At sun rise a signal was given by their chief: they all rushed from both sides into the stream, struck the salmon with their spears, and in each case the point would come off, but being fastened to the shaft by a string, the fish were easily towed ashore.
The chief of this village accompanied us down the stream six miles. I here lost my hatchet, given me by Doctor Brinsmaide of Troy, New York.
We reached the Lewis River September 10, and continued down the river, trapping wherever we saw signs of the beavers.
September 17 — We had some fresh fish boiled in baskets, the water being kept boiling by hot stones. For a day we went up a creek from the southwest trapping.
Our horses were cut loose at night by the Indians, and my camlet cloak was stolen. As a general rule, the Indians were kind and friendly, and would make us presents of food, but they could not forego the attempt to steal our horses (of which we had two to each man) any more than a negro can leave a hen roost alone.
The Indians we met were Shoshones or the Pallotipallos, or Flatheads, so called from the fact that the foreheads of all members of the tribe are flattened during infancy. The operation is performed by tying boards hewn to proper shape for the purpose, which compress the head, one being placed against the forehead and tied to another at the back, on which the infant is placed. The more the head is misshaped the greater the supposed beauty.
September 20 — We met Mr. Sublette and Mr. Frap. They went to the southwest. There was little timber in this region. When two or three of us went up trapping, we tied our horses’ halters to our arms at night, so as to be sure not to lose them.
We traveled slowly, trapping on the streams coming from the west. At last we got tired, not having good luck, and the fish being bad.
We tried to make the Indians understand that we wanted to go to Walla Walla. That being the only word in common between us, the conversation had to be by signs.
An Indian drew a map on the sand; one sign meant river, making a motion of paddling; another the trail, by pointing to a horse.
We understood that we were to keep down the river three sleeps (laying his head on his hand and shutting his eyes three times) thus giving us to understand we were to go by day, and if we whipped up, could cover the ground in two days.

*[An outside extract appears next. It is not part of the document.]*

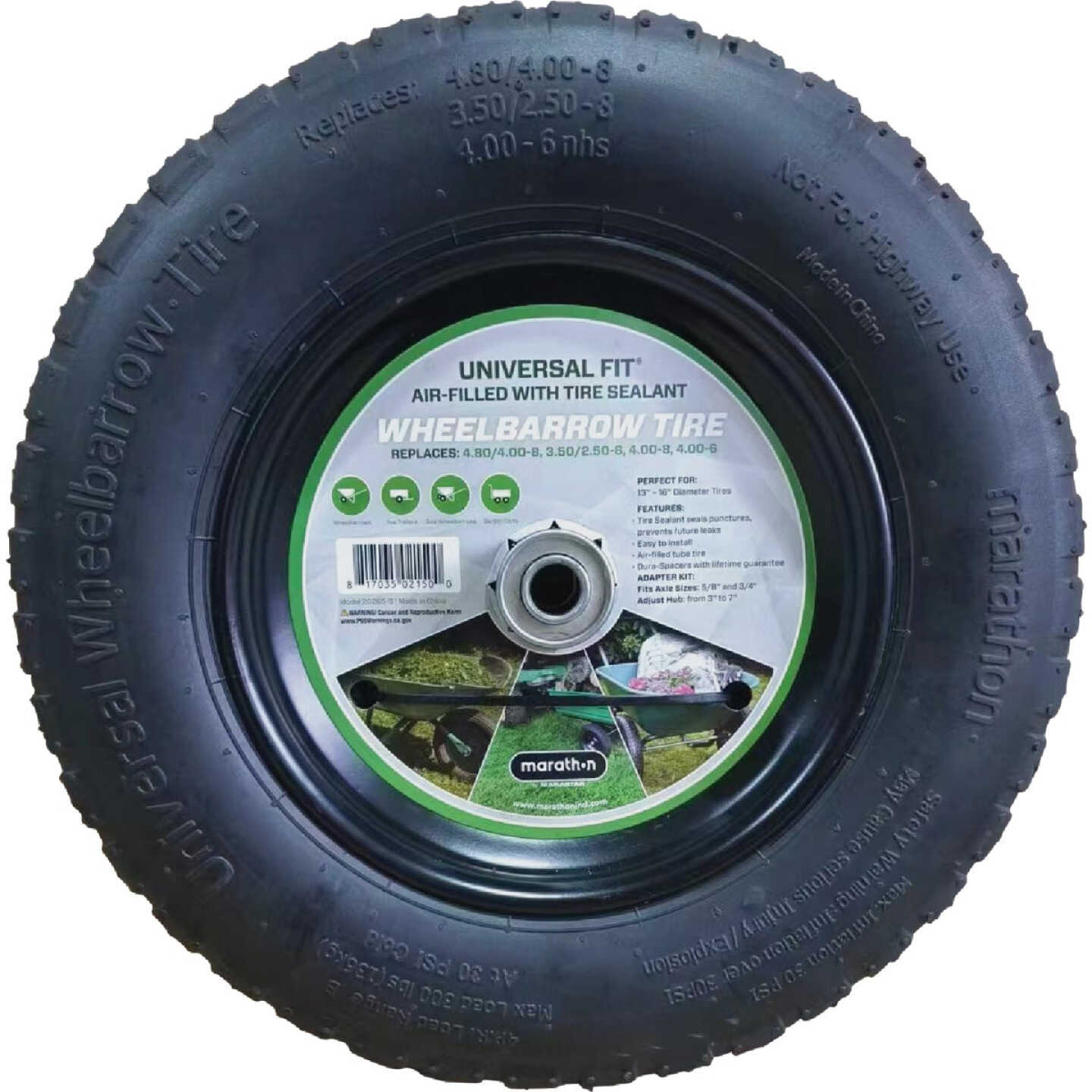 Marathon Universal Fit Wheelbarrow Tire with Flat Free Tire Sealant Image 1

There the river went into the mountains, and we were to go over these mountains, and sleep; then another range, and sleep; then making a sign of a plain, then two more sleeps, and then Walla Walla.
I was quite confident I understood him, if it was by signs. It proved as he said, and was a great help to us.
Lewis and Clark speak of the destitute condition of these Flathead Indians.
Not knowing just where we were, and not taking the precaution to buy a supply of dried fish, and meeting no more Indians, we soon got short of food.
We made some thirty miles a day some days over the prairie, for when we arrived at the mountains we were in a sad plight.
We were thoroughly exhausted by hard travel and the horses were no better.
By the end of October the party arrived at Fort Vancouver where Mr. Ball stayed for several months before his wanderlust took him on another adventure.
The Fort Vancouver Commemorative Silver Half Dollar Coin shows with a portrait of John Ball—adventurer, teacher, lawyer, farmer, businessman, politician.